Retype, word for word, each line between the lines holding "MDB2294 Mintex" and "Asus GeForce RTX", inclusive, and leave the rest of the data alone.

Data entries
*-*-*
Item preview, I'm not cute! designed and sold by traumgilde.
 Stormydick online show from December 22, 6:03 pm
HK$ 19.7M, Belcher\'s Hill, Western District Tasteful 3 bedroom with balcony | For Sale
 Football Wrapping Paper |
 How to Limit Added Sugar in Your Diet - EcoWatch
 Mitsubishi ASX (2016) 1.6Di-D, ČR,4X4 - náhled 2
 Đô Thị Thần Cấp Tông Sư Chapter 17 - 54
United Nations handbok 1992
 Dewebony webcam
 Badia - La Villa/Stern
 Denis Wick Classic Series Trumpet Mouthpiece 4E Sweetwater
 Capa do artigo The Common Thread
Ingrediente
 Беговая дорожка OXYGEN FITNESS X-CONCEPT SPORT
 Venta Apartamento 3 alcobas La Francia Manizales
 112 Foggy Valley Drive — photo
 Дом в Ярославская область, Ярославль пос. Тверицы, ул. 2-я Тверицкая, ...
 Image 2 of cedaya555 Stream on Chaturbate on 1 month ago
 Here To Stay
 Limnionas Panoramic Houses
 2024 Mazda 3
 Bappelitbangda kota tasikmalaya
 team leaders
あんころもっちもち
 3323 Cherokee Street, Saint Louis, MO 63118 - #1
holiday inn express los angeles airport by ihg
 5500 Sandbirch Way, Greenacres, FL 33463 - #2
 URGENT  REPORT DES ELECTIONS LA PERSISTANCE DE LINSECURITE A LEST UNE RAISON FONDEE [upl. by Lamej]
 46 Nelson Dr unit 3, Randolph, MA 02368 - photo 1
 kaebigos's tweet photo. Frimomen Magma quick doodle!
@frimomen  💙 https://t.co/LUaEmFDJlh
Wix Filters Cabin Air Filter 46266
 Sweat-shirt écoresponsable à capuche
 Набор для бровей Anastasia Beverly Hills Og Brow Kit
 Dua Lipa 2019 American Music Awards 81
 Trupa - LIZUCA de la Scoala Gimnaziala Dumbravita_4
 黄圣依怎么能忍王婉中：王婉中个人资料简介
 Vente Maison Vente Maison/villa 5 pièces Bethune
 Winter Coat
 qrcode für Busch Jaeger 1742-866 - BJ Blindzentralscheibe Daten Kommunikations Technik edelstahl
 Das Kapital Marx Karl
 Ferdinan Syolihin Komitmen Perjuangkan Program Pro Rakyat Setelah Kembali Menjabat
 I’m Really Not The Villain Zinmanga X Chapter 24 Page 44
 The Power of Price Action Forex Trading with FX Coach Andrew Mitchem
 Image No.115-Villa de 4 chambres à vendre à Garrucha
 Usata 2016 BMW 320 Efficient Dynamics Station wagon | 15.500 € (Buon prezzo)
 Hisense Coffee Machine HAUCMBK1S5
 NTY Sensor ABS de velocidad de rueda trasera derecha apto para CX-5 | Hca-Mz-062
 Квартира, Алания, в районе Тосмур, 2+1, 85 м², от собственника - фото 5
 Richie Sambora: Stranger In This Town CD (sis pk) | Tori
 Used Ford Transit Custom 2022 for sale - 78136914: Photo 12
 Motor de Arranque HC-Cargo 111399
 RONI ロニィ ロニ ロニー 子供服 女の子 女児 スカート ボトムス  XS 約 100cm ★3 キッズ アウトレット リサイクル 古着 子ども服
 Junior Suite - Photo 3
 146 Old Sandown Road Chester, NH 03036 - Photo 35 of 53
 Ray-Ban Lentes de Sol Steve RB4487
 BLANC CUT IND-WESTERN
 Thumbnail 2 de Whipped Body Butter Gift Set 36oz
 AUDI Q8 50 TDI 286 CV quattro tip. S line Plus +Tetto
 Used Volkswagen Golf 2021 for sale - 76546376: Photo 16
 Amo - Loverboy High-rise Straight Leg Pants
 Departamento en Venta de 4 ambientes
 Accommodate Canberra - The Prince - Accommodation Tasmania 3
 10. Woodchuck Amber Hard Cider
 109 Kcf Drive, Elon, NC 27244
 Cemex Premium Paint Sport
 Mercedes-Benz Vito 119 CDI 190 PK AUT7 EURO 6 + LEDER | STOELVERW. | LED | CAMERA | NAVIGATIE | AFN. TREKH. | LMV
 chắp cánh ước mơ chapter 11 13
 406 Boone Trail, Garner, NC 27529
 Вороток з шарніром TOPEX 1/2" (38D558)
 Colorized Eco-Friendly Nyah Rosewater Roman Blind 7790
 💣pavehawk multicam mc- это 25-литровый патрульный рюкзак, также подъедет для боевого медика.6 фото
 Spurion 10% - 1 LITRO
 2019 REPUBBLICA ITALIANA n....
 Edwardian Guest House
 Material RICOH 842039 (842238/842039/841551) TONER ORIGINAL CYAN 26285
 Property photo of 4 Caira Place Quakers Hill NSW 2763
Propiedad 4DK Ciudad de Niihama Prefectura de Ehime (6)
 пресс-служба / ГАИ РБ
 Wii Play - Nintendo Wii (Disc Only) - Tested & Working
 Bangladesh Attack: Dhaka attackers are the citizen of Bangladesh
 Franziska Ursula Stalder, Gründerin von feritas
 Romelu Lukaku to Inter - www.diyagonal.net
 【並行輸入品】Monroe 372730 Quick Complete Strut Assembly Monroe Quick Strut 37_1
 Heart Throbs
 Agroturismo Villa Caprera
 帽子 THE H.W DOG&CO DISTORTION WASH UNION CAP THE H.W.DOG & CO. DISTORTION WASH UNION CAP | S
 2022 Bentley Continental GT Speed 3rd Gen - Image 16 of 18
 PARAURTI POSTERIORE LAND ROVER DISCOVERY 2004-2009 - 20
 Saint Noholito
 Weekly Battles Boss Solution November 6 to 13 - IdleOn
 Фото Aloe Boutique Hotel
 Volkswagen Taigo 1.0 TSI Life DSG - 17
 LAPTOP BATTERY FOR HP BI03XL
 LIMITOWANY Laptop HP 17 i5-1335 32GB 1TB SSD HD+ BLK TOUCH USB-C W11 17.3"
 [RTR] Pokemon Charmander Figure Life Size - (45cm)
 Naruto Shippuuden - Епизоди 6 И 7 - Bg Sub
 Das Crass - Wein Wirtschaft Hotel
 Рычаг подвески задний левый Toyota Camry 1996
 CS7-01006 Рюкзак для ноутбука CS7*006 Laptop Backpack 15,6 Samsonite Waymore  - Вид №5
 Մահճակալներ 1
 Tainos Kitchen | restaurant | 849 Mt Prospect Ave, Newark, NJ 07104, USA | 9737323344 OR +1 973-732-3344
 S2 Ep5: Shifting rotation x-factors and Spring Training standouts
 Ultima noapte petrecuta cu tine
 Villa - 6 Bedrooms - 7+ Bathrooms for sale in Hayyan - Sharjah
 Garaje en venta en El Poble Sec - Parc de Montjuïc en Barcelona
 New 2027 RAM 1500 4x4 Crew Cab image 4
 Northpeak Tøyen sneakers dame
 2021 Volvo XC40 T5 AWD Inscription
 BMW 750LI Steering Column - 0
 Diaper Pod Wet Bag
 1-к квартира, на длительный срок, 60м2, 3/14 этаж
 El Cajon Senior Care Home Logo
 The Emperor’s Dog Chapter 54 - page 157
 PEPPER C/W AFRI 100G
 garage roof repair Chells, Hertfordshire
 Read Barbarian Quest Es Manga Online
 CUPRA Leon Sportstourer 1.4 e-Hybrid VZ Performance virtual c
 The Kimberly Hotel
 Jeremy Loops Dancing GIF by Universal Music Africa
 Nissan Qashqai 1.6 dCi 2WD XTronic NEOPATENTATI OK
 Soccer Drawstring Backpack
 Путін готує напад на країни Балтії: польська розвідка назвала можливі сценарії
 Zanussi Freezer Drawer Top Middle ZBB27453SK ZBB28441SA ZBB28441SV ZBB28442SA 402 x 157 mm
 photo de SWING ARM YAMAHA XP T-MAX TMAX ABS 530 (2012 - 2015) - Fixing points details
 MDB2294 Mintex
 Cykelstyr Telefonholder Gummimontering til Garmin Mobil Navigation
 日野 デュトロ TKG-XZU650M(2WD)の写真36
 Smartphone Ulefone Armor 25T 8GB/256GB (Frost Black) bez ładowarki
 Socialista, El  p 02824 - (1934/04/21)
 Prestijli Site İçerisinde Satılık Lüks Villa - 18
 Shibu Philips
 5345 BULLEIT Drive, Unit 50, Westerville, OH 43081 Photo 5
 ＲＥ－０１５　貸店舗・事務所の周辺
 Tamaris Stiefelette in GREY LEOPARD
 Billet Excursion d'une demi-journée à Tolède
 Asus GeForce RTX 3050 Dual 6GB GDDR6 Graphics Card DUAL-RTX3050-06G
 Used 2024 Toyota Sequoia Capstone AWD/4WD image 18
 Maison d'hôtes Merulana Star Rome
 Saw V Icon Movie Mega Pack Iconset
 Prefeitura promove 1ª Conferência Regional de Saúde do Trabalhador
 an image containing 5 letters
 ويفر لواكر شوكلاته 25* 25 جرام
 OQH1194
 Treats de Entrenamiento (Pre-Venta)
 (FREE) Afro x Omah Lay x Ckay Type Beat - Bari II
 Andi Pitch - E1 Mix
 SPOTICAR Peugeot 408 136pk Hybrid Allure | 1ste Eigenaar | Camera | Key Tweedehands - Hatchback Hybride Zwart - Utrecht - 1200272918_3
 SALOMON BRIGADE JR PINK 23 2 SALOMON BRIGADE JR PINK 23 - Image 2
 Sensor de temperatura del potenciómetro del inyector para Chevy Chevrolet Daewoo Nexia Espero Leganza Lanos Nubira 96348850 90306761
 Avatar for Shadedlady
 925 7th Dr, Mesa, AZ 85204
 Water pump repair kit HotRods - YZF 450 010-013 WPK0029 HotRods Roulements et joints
*-*-*
*The answer*.
 MDB2294 Mintex
 Cykelstyr Telefonholder Gummimontering til Garmin Mobil Navigation
 日野 デュトロ TKG-XZU650M(2WD)の写真36
 Smartphone Ulefone Armor 25T 8GB/256GB (Frost Black) bez ładowarki
 Socialista, El  p 02824 - (1934/04/21)
 Prestijli Site İçerisinde Satılık Lüks Villa - 18
 Shibu Philips
 5345 BULLEIT Drive, Unit 50, Westerville, OH 43081 Photo 5
 ＲＥ－０１５　貸店舗・事務所の周辺
 Tamaris Stiefelette in GREY LEOPARD
 Billet Excursion d'une demi-journée à Tolède
 Asus GeForce RTX 3050 Dual 6GB GDDR6 Graphics Card DUAL-RTX3050-06G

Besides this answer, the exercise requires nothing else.